Buckingham Palace could have been renamed Fort London.
 Bush is a man with a mission |
I have never seen such a cramped welcome on a state visit. The front of the Brigade of Guards band was squeezed into the forecourt with the rest trailing out through gates into the road. The Household Cavalry had to thread themselves through a needle. Spectators, kept right back, were in places outnumbered by police and reporters and only grew to a few hundred at best.
Of demonstrators there were only a few. One chap began to chant through a megaphone and invited others to join in. Only two did so.
A president at war
On consideration, the safety first approach should not have been strange.
The President does regard himself at war. And the presumption has to be that he is a target.
His "war against terror" and its offshoot, the war in Iraq, have also exposed him to moral criticism.
This was why he went on a mission to explain his policies in a keynote speech a few hours later.
The Bush Doctrine was shaped for a sceptical European audience but it was not softened.
There was not much about defending America and a lot about extending freedom.
It was not the kind of speech he will make on the campaign trail next year when it will be America first.
Force can be used
The real meat, his belief that force must on occasion be used, was sandwiched between two more palatable morsels - the need for "effective" international organisations and the need to spread democracy as a harbinger of peace.
He did not back down over Iraq. But, since no weapons of mass destruction have been found, he could not trumpet their destruction.
 | There was one surprisingly sharp and specific section. It was a message to Israel, and an unusual one for an American president  |
Instead he asked: "Who will say that Iraq was better off when Saddam Hussein was strutting and killing?" A clever piece of rhetoric. Put that way, who could say yes?
Rallying cry
He continued his rallying call against terrorism, bringing in the prospect of some fearsome attack: "These terrorists target the innocent and kill by the thousands and they would, if they gain the weapons they seek, kill by the millions and not be finished."
By adding that "and not be finished" (in a slightly archaic and Biblical way), he deliberately opened up a truly frightening prospect. Of such devices are speeches made. And arguments advanced.
Sharp message to Israel
There was one surprisingly sharp and specific section. It was a message to Israel, and an unusual one for an American president.
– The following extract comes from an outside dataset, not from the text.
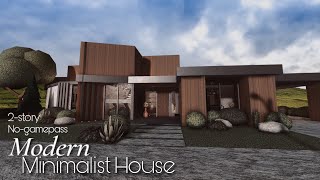 BLOXBURG  Modern Minimalist House  NoGamepass  Speedbuild12 [upl. by Enawtna385]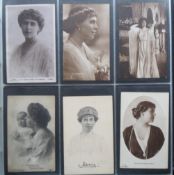 Postcards, a foreign collection of approx. 325 cards in modern album, with Romanian Royalty (220)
He listed four things Israel should do to help the roadmap which currently lies crumpled on the floor.
It should freeze settlements and dismantle new outposts (both roadmap requirements), end the "daily humiliation" of Palestinians and "not prejudice final negotiations with the placement of walls and fences."
He also made his familiar attack on Yassir Arafat without mentioning the Palestinian leader by name.
Great and good liked it
The audience at the Banqueting House, almost opposite Downing Street and the only remaining building of the old Whitehall Palace, liked what it heard.
The audience, though, was from the great and the good in the British establishment, and was not about to shove him outside to his execution - as happened to Charles I in this same place a few centuries ago.
Maybe the protestors will take a different view when they pass this spot in their march.